Fortress on the Black Sea

For weeks now, the Ukrainian army has been intensifying its attacks in Crimea. Never before have they been so intense and so costly for the Russian side. The peninsula, which was annexed in 2014, has been turned by Russia into a military fortress with several naval and air bases. Shortly before the Russian invasion in February 2022, the Ukrainian Ministry of Defense estimated that there were 32,000 Russian soldiers in Crimea. In addition, there are reports that there are also nuclear weapons.

Ukraine attacked the peninsula on a massive scale for the first time in August 2022. Then a military airport was damaged and some fighter planes were destroyed. In October, about a year ago, the Crimean bridge was blown up for the first time and since then the bridge has been attacked repeatedly, due to its importance for supplying Russian troops. But why is Crimea so important?

The importance of Crimea

In addition to its symbolic importance, which President Putin has repeatedly emphasized, the peninsula is important primarily militarily for several reasons. The Black Sea Fleet stationed there attacks Ukrainian cities with Kalibr guided missiles. These are cities located deep inland, close to the EU borders. In addition, Crimea plays a key role in the supply of Russian troops in the southern part of Ukraine. Finally, the naval blockade of Ukrainian ports would also be difficult for Russia to enforce without Crimea.


Immediately after the start of the invasion Russia was able to seize areas larger than Crimea and secure a land connection with the Russian hinterland.

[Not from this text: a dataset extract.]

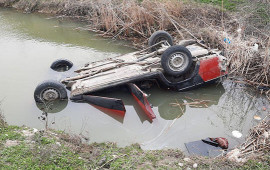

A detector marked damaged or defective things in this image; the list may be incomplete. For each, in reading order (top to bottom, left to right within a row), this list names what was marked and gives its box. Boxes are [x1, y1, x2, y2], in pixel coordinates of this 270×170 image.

overturned vehicle [34, 30, 228, 121]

Now the counterattack of the Ukrainian army is trying to sever this connection, hitting, among other things, the bridges connecting Crimea with the mainland. For this purpose the Ukrainian army mainly uses Western precision weapons, British and French guided missiles.

Liberation or negotiations?

The head of the Ukrainian army, General Valery Zalusnyi, has described Crimea as a “key factor” in Russia’s war against Ukraine, what the US military calls a “center of gravity” for Russia. Liberation of the peninsula would decisively weaken Russia, although it would not guarantee an end to the war. Russia could continue from its own hinterland even after losing Crimea, as Zalusny warned.


For his part, Ukrainian President Volodymyr Zelensky declared that the war started in Crimea and will end there. Zelensky recently made it clear that Ukraine might want to avoid a military liberation of the peninsula because of the huge casualties it would incur. Kiev would be better off going all the way to Crimea and then negotiating a Russian retreat. For now, however, it is hard to imagine Russia agreeing to such a thing.